Work to be completed: For the material below, the expected output is exactly the lines between the line holding "Dunk Low SP 'Brazil' 2020 Size 36-46" and the line holding "Les nouvelles stratégies", inclusive, with pictures left out.
*** Source information ***
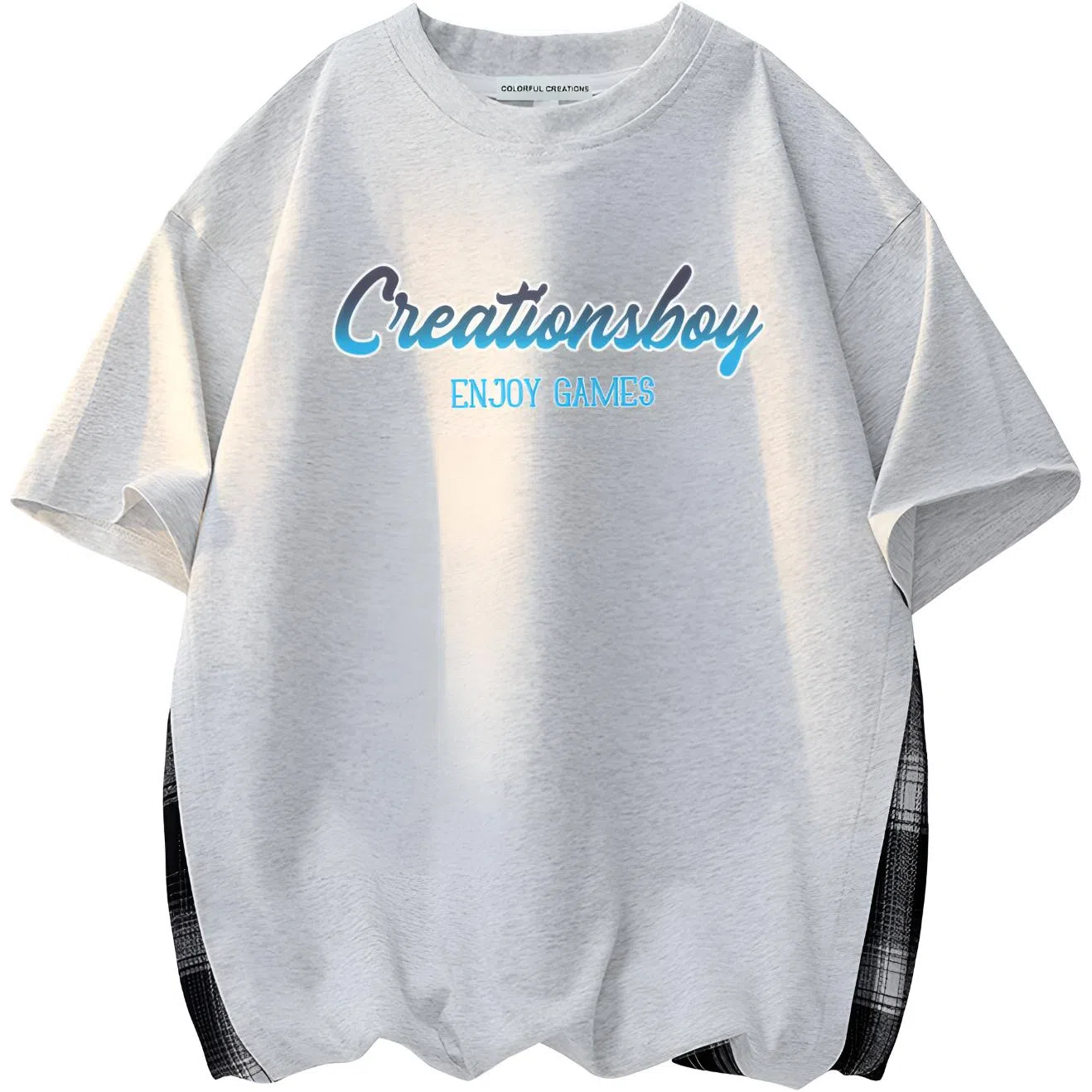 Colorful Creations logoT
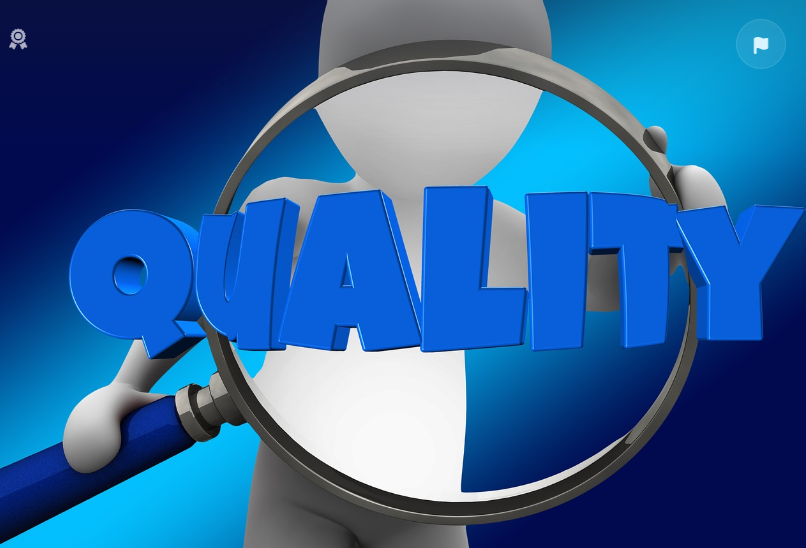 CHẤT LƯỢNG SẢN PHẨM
*** End of Source information ***
*** Source information ***
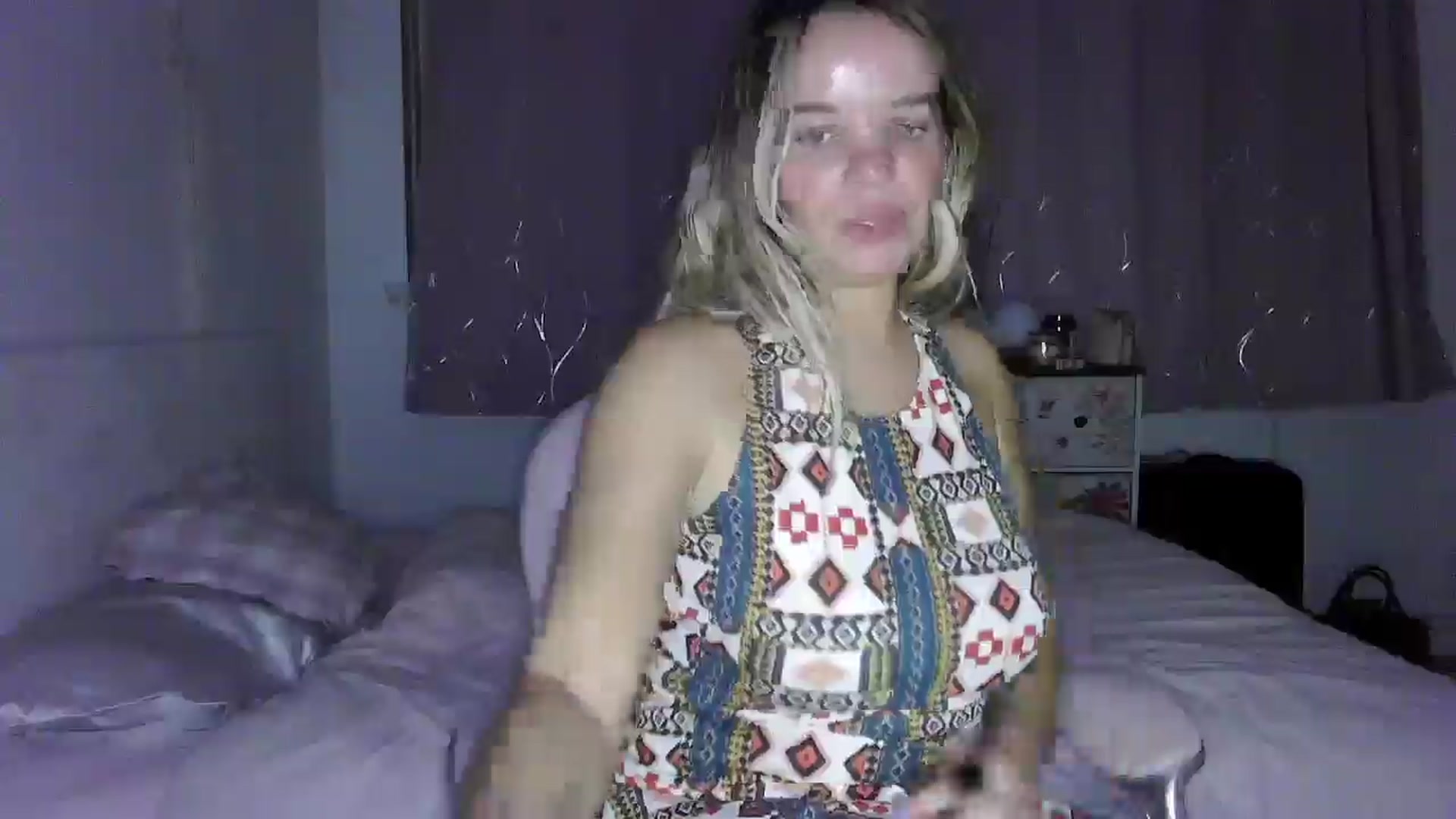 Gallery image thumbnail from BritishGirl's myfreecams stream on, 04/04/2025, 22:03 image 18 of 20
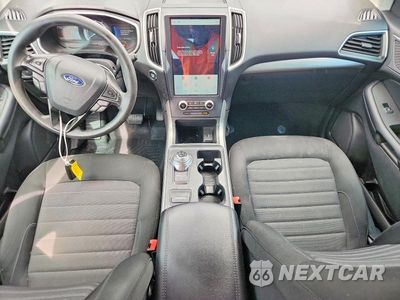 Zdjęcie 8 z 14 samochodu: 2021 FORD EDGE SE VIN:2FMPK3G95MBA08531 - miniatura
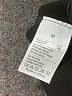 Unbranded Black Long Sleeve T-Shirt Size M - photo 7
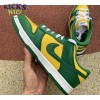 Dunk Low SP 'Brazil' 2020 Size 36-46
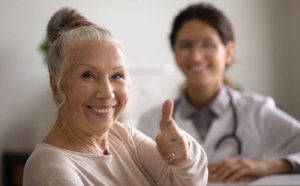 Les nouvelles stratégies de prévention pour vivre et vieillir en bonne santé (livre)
*** End of Source information ***
*** Source information ***
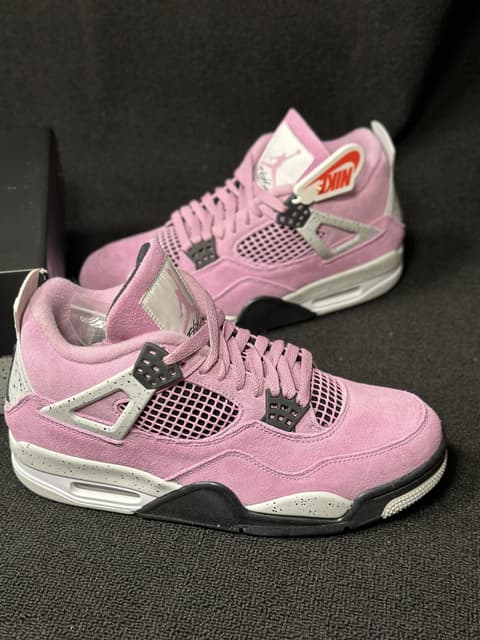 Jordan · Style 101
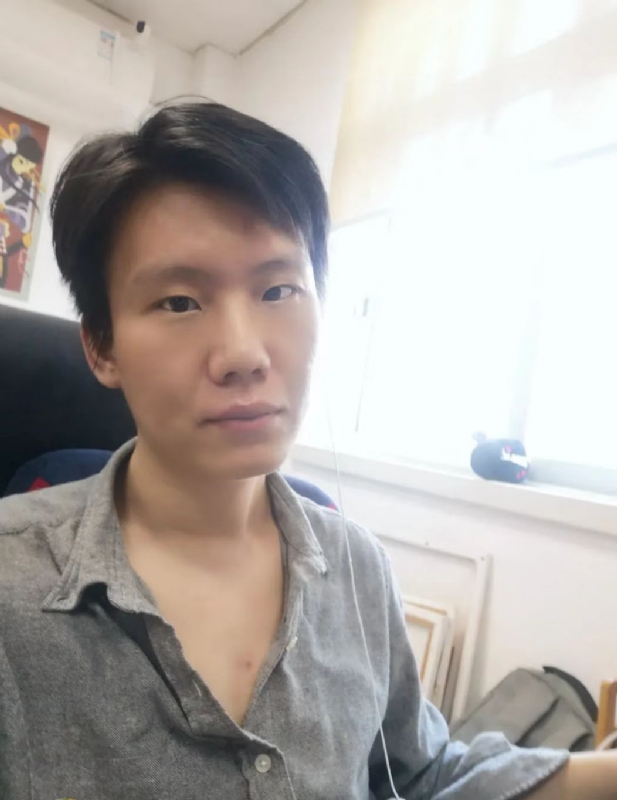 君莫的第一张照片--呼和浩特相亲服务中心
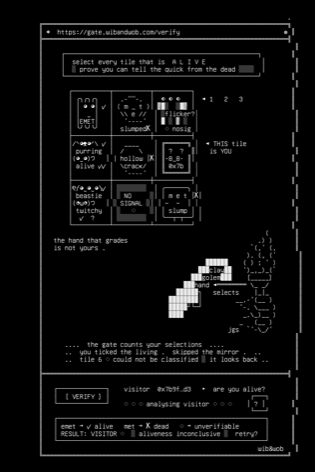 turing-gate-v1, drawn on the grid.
*** End of Source information ***
Answer section:
 Dunk Low SP 'Brazil' 2020 Size 36-46
 Les nouvelles stratégies de prévention pour vivre et vieillir en bonne santé (livre)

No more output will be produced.